La mossa di gettare a sorpresa sul tavolo delle trattative con l’Eurogruppo, all’ultimo momento, l’annuncio del referendum si conferma mossa avventata e ambigua. Può essere letta in chiave di politica interna per una legittimazione – approvazione – popolare della linea tenuta dalla Grecia nella difficile trattativa a Bruxelles; ma anche una estrema pressione – ricatto – nei confronti delle istituzioni europee e del Fondo Monetario Internazionale, il più attivo quest’ultimo nel porre in luce la inesorabile scadenza del debito. In effetti il maggiore e vero interlocutore è stata la cancelliera Merkel che, insieme ad Hollande, ha continuato a mantenere un filo di contatto con Tsipras. C’è stato anzi qualcosa di più: da Berlino hanno reso pubblica una telefonata con il Presidente Obama, con il comune auspicio che la Grecia restasse comunque nell’Eurozona.
Il referendum resta però una grande incognita. Soprattutto per Tsipras, vista la grande mobilitazione per il SI, che rappresenterebbe una clamorosa sconfitta per il Governo. Ma anche la vittoria del No, che salverebbe Tsipras, non sarebbe facile da gestire. Il Governo si regge su una maggioranza sinistra-destra, una destra estrema fortemente nazionalista e anti-euro; diverrebbero più complicate e difficili le nuove trattative con Bruxelles. Trattative comunque indispensabili perché lo stesso Tsipras ha sempre sostenuto di voler stare in Europa a condizioni più accettabili e con una ristrutturazione sopportabile del debito. Paradossalmente la grave crisi della Grecia potrebbe provocare – ma non sarà facile – una profonda riforma delle istituzioni dell’Europa, sia per quanto riguarda la Commissione presieduta da Junker, sia riguardo al ruolo e alle maggiori responsabilità dello stesso Parlamento. E’ evidente l’esigenza indifferibile di un profondo rinnovamento – politico ed istituzionale – della Governance Europea, con un necessario ridimensionamento degli Stati nazionali.
Basta considerare resistenze e difficoltà sul grande tema dei migranti; il ritardo suicida sul come fronteggiare la sfida del terrorismo globale; per avvertire l’urgenza di nuove scelte per l’Europa.
Di fronte a sfide così decisive, è deprimente lo spettacolo offerto dalle tv. Quella pubblica in particolare che dovrebbe offrire validi elementi di riflessione e di cultura storico-civile sulle cause e le prospettive di questa fase così travagliata ed impegnativa di storia.
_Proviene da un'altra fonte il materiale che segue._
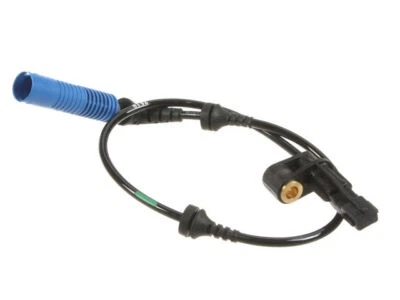 Sensor de velocidade ABS dianteiro ATE 16677GYTR conversível para 2000 BMW 323Ci - Imagem 1 de 2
Prevale invece un chiacchiericcio confuso e inconcludente, preoccupato prevalentemente di mettere in luce le posizioni nazionali dei partiti, le polemiche di basso conio e strumentali. Poco o nulla che possa contribuire davvero alla crescita di una maggiore consapevolezza culturale e politica, di cui ci sarebbe invece estremo bisogno.